Search ForexCrunch
  • USD/CHF confirmed a near-term bullish breakout through head and shoulders neckline resistance.
  • The near-term technical set-up favours bullish traders and supports prospects for additional gains.
  • The emergence of some dip-buying should help limit the downside near the 0.8900-0.8890 area.

The USD/CHF pair gained strong positive traction on the first day of a new week and jumped to two-month tops, around the 0.8965 region during the early European session.

A sustained move beyond a strong horizontal barrier, around the 0.8920 region, was seen as a key trigger for bullish traders.
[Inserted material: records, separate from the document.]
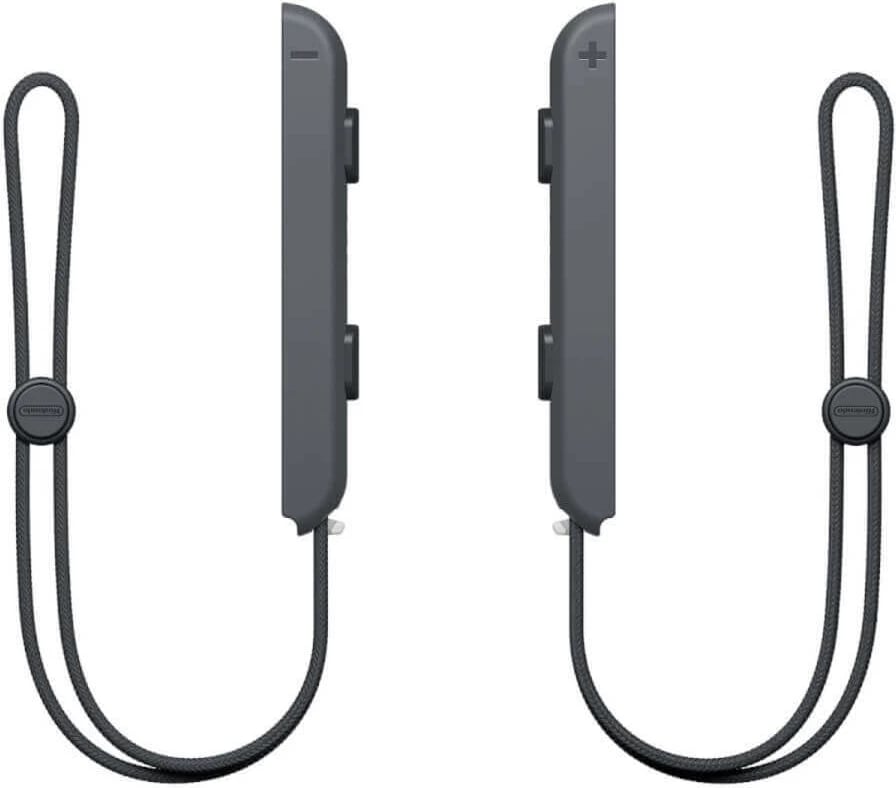 Set kontrollerë për Nintendo Switch, i kaltër/i verdhë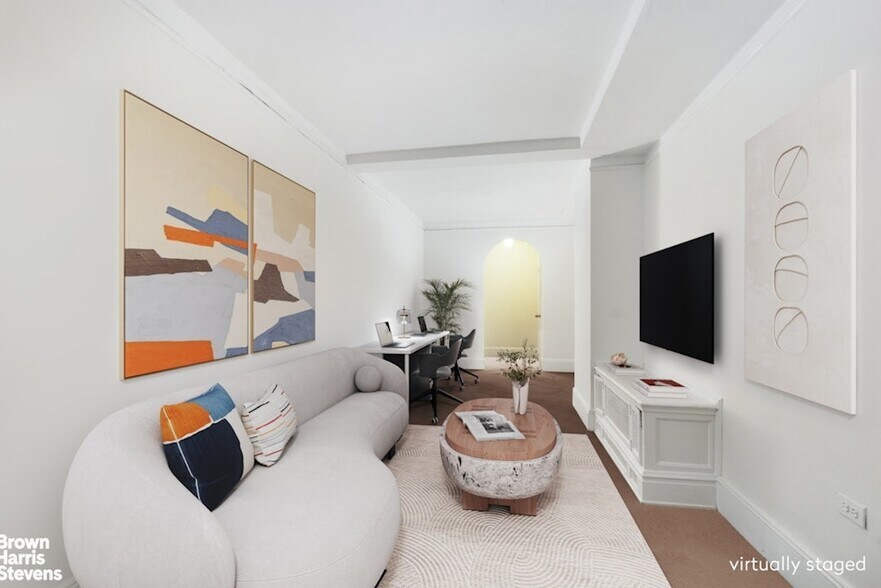 More Photos Of 1070 Park Ave, New York Apartments For Sale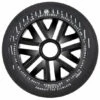 Powerslide Torrent 125mm 84a Wet Weather Wheels - Set Of 6 5 Powerslide Torrent 125mm 84a Wet Weather Wheels - Set Of 6 -Urban Rollers powerslide torrent 125mm 84a wet weather wheels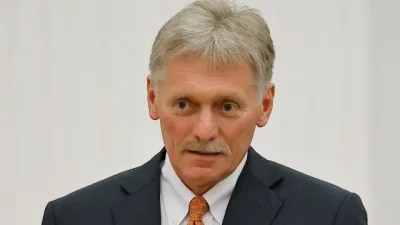 Дмитрий Песков: Москва ще отговори адекватно на решението на Запада да разреши използването на далекобойни ракети срещу Русия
The mentioned barrier acted as a neckline resistance of an inverted head and shoulders chart pattern.

Technical indicators on the daily chart are holding comfortably in the bullish territory and are still far from being in the oversold zone. This, in turn, favours bullish traders and supports prospects for additional gains in the near-term.

Hence, a subsequent move beyond the key 0.9000 psychological mark, en-route the 0.9040-50 resistance, now looks a distinct possibility. Some follow-through buying has the potential to push the USD/CHF pair further towards the 0.9075 barrier.

On the flip side, the neckline resistance breakpoint, which coincides with 50-day SMA, now seems to protect the immediate downside. Any further decline might be seen as a buying opportunity and remain limited near the 0.8890 horizontal level.

This is followed by support near the 0.8830 region, which if broken decisively will negate any near-term positive outlook and prompt some aggressive technical selling. The USD/CHF pair might the turn vulnerable to slide back below the 0.8800 mark.